Finally, being only easy to use on development is worthless if the final product
is bad. So, we've also managed to avoid performance impacts. There are two major
contributing factors for performance here.
One is load performance, which is especially important for client side applications
where you have to ship code. As I mentioned earlier, the data is considerably
large and even the small slices that libraries make may include a lot of data
that your application won't need. For example, a currency formatter includes all
currency codes for a certain locale. If your application uses US Dollars only,
all other loaded currency data is unnecessary. Similarly, a date formatter
includes all the localized translation names in several lengths (e.g.,
"January", "Jan", "J"). If your application displays dates using numeric form
only, all the loaded translations are unnecessary. We're talking about tens to
hundreds of wasted KB.
The other is related to runtime performance: generating the formatters are an
expensive operation.
On Globalize, we wanted to do something analogous to templating engines, which
can precompile templates during build time for optimal performance at runtime.

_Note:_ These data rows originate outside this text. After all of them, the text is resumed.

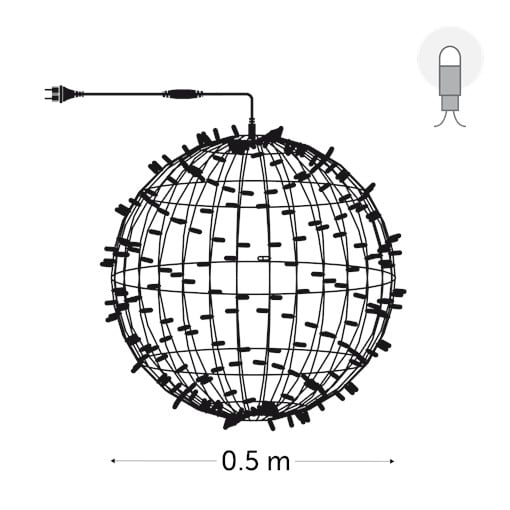 KERSTVERLICHTING Playlight bol LED 50cm 320L cold white 37W outdoor 6 conn. (rubber wire) PLS-LED-0.5-230V-W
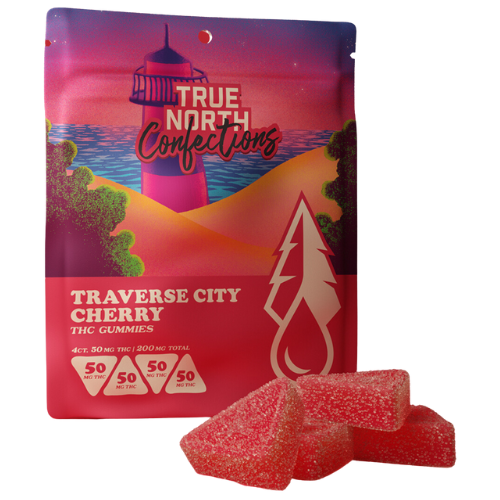 Photograph of product: True North Collective Traverse City Cherry Vegan Gummies 200mg TH-oui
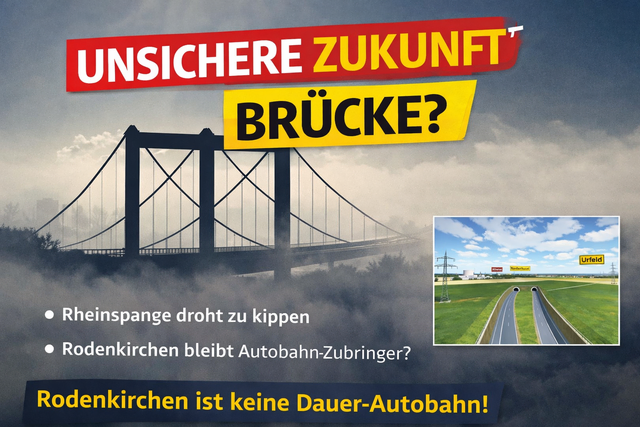 Rheinspange muss zusammen mit der Bonner Nordbrücke realisiert werden. Kölner Partei fordert Entlastung der kompletten Region Köln/Bonn. Die Rodenkirchener Brücke stehe ansonsten vor dem Kollaps. | Foto: KSG Frei von Rechten Dritter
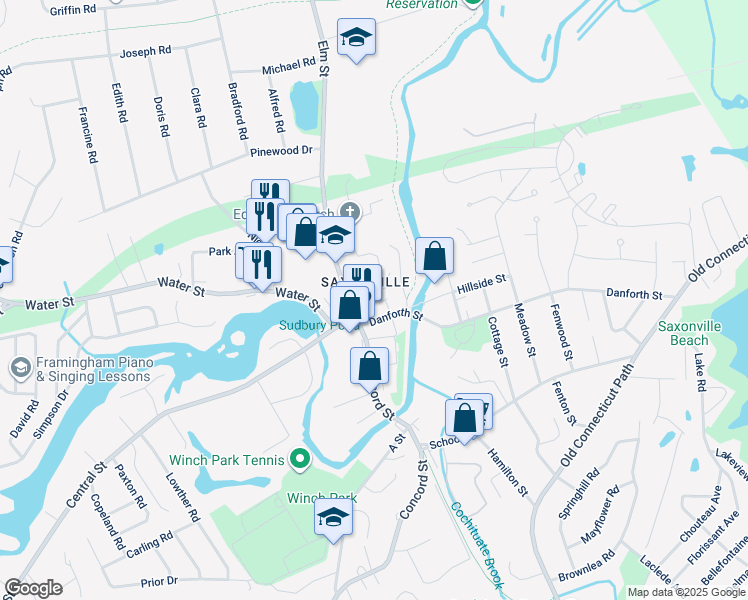 map of restaurants, bars, coffee shops, grocery stores, and more near 18 Danforth Street in Framingham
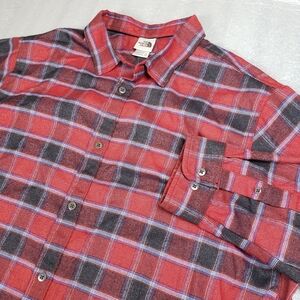 The North Face Red and Black Plaid Button-Down Shirt
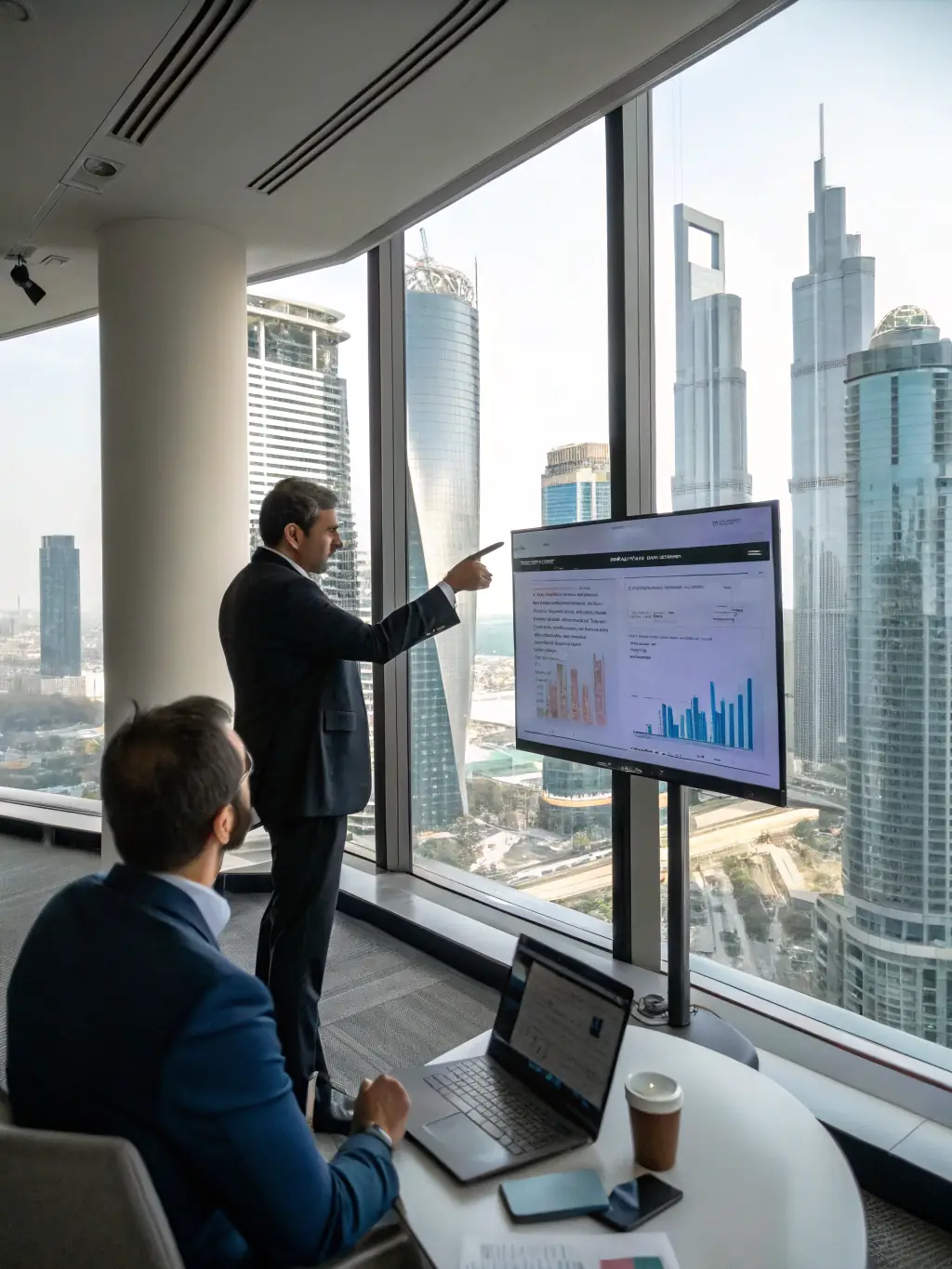 An AI consultant presenting AI solutions to a client, demonstrating how AI tools can streamline operations and improve efficiency, reflecting GcmExecs' AI consulting services.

So, applications can get the smallest and fastest custom tailored bundle.
By smallest, I mean avoiding the inclusion of unnecessary code and data. No
unnecessary translation messages, no unnecessary CLDR data, so no bandwidth is
wasted.
By fastest, I mean having all formatters (number, currency, datetime, relative
time, etc) generated at build time. So, no CPU clock cycles are wasted on the
client.
### Solution
We've worked to get tools to do all that automatically. So, let me show you an
example application using Globalize and its static compiler configured on
webpack.
Please, note Globalize is unopinionated and its goal is to empower users to use
it the way they want. But, for obvious reasons, this example is very
opinionated. If you don't use webpack, don't worry. You should be able to
reproduce this in the tool of your preference. Globalize and its compiler are
pure JavaScript, so am sure it's possible to wrap it on a different tool. Also,
note that this example uses CommonJS but Globalize also supports AMD.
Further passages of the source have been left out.